Crowned with the honor of being the first African-American woman commissioned as an officer in the Women’s Army Corps, Major Adams hailed from Columbia, SC. Born unto a Southern Minister and a School Teacher, Adams was the eldest of four children.
Already an established school teacher, Adams enlisted in the military in 1942, optimistic and eager to make a difference in a bitter war, as an ally for a country that chose not to acknowledge her rights as a person.
By the spring of 1945, nearing the end of WWII, incoming mail for the soldiers had all but come to a standstill. With the troops in constant movement, daily casualties coupled with lots of care packages from home, the military’s mail problem was insurmountable. Thus, grew the need for the 6888th Central Postal Battalion. Adams was chosen to head up this unit. Skilled in the art of organization, Adams had her troops processing mail round the clock in 8 hour shifts, 24 hours per day.
The 6888th Central Postal Battalion, which was the Army’s only African-American unit was the only unit to serve overseas during World War II. Being Commander of this unit was a very distinguished honor, considering the limits on positions held by minorities in the military.
Adams’ career was laced with adversity and hardship.
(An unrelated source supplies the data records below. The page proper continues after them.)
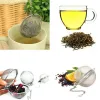 100PCS Teegeschirr Edelstahl Mesh Tee Ball Ei Sieb Kugel Locking Spice Tee Filter Filtration Kräuter Ball Tasse Trinken werkzeuge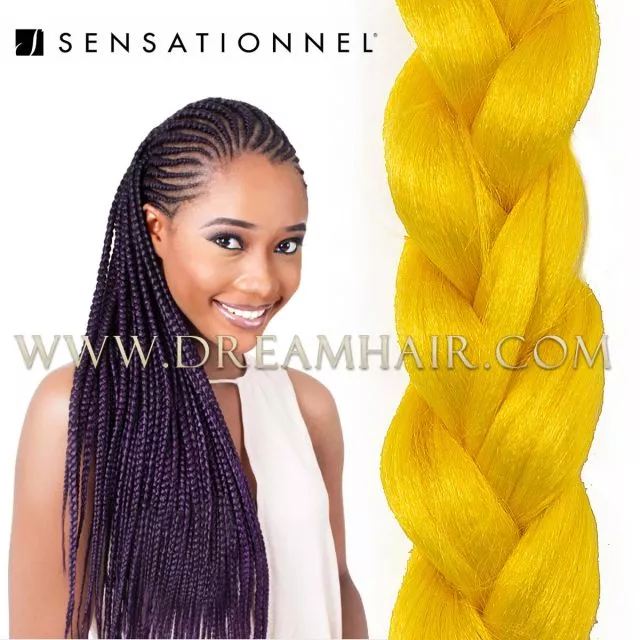 X-Pression Ultra Braid Hiuskuitu Keltainen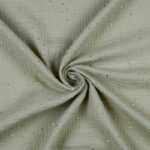 Tissu double gaze 100% coton brillegaze - Vert d'eau
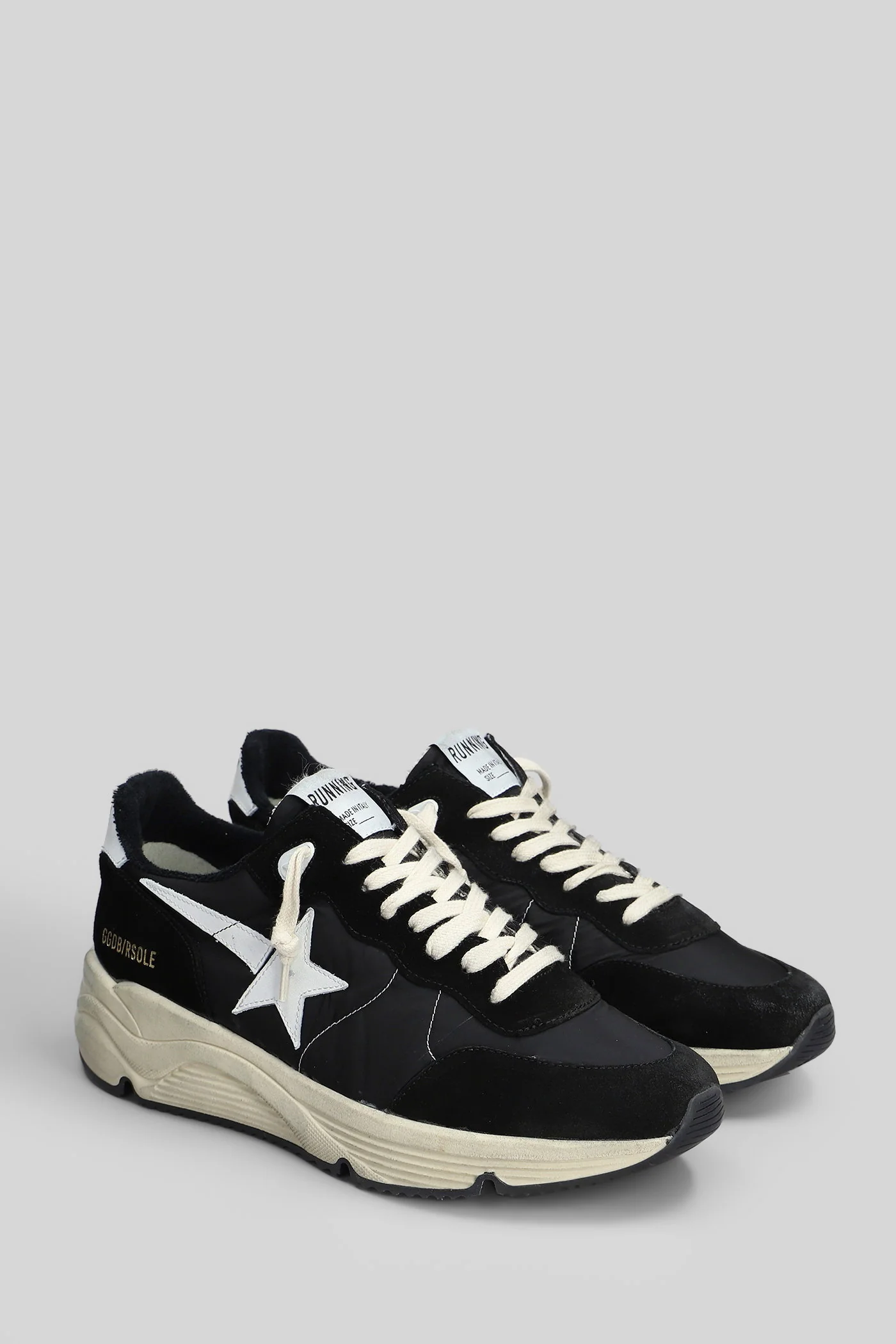 Running Sneakers in black Suede and fabric - Image 32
She yet prevailed. In 1989, thirteen years before her death, she penned her memories of the military, adding author to her list of accomplishments.
After gaining the rank of lieutenant colonel, Adams left the military in 1946. As a civilian, she went on to earn multiple post-secondary degrees, lived abroad, and volunteered tirelessly in many philanthropic community projects. She passed away in 2002, leaving behind a legacy of courage, tenacity and perseverance, not easily rivaled. Hats off to you, Major Charity Adams Earley. Thank you for your service. You are a true inspiration to all.